Ok, so starting at the begining:

I have set 2 - 3 days aside to do a full detail to consist of the following:

snow foam
wash (including wheels off and arches done)
clay
machine polish (I have the kit for hard paint)
sealant 
wax

so I guess the stage I need to add is the pre wax cleaner before the sealant and wax


----------



## gally (May 25, 2008)

Most definitely mate, will help get rid of any polishing residues left over aswell.

So really it's down to your own choice of Cleanser.

I can suggest LP on the basis that in another 4-6 months or less, if you want to enhance your paintwork, fire some LP on a pad, I use blue/yellow 3M pads.

And after a wipe down it'll be good to go with a sealent/wax again.


----------



## Beemer 330 (Oct 8, 2010)

excellent, one order of lime prime going in.

just while we are on the subject what do people think of Dodo juice purple haze?

I have diamond white and skull candy so was looking to go for a soft wax to add a bit of wetness to the look?


----------



## Juicy Jen (May 4, 2010)

You'll probably find that PH will give silver (hope its silver by your avatar) that it will give it a slightly different colour making it a little darker.

Soft wax might not last too long over winter months either....just a thought for you


----------



## gally (May 25, 2008)

To be honest I wouldn't look to Dodo for my winter wax but I love Purple Haze, I think it lasts a lot longer than people give it credit for and Dodo beading is easily my favourite.

Mines is wearing Glasur but i'm actually looking forward to getting a coat of purple haze on it. If you would like i'll send you my panel pot for a try of it and the little SN finger applicator that I use with it. So easy to use.
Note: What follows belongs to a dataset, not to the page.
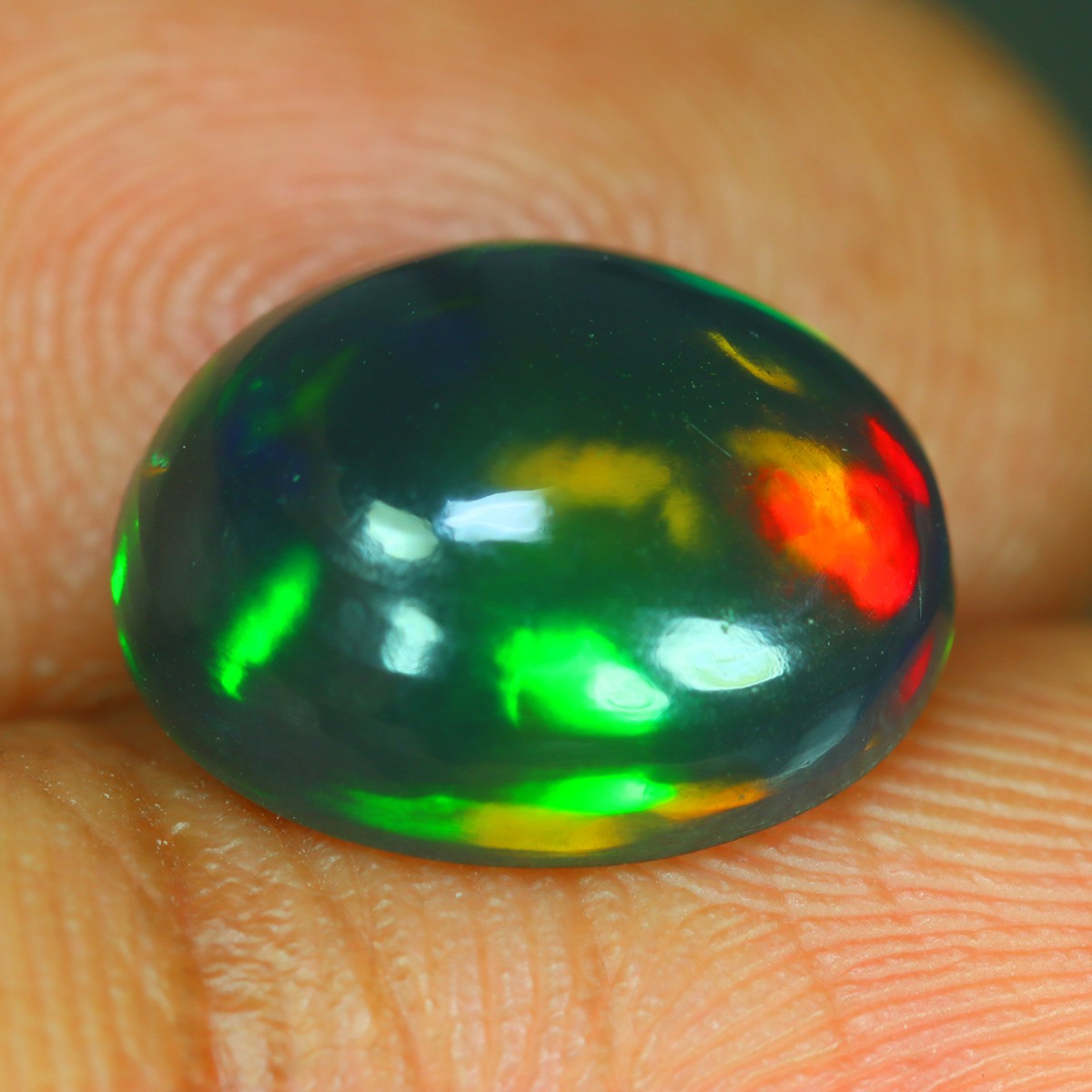 2.65 Cts_Stunning Color Play_100 % Natural Solid Welo Black Fire Opal Gemstone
I actually think it would last the winter on the bonnet and high up the side but wouldn't withstand on the lower panels.


----------



## Beemer 330 (Oct 8, 2010)

Juicy Jen said:


> You'll probably find that PH will give silver (hope its silver by your avatar) that it will give it a slightly different colour making it a little darker.
> 
> Soft wax might not last too long over winter months either....just a thought for you


I was thinking of layering the hard wax down and then a layer of the soft wax on top (after buffing obviously)


----------



## gally (May 25, 2008)

What waxes have you got access to mate?


----------



## Boothy (Aug 19, 2010)

gally said:


> Well...
> 
> Lime prime/Lime prime lite can also be used by hand but my new favourite (used on my car and 2 others) is Lusso Revitalising Creme (See Dave KG's review). It seems to add something to the finish before the LSP is applied and I now wouldn't be without it.
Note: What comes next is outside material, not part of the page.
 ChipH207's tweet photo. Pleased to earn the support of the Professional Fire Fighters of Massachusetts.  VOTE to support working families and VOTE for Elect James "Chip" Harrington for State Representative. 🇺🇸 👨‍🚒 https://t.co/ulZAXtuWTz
Would you just use a wax straight after the Lusso Creme and do you have a link to the review at all?


----------



## Beemer 330 (Oct 8, 2010)

gally said:


> To be honest I wouldn't look to Dodo for my winter wax but I love Purple Haze, I think it lasts a lot longer than people give it credit for and Dodo beading is easily my favourite.
> 
> Mines is wearing Glasur but i'm actually looking forward to getting a coat of purple haze on it. If you would like i'll send you my panel pot for a try of it and the little SN finger applicator that I use with it. So easy to use.
> 
> I actually think it would last the winter on the bonnet and high up the side but wouldn't withstand on the lower panels.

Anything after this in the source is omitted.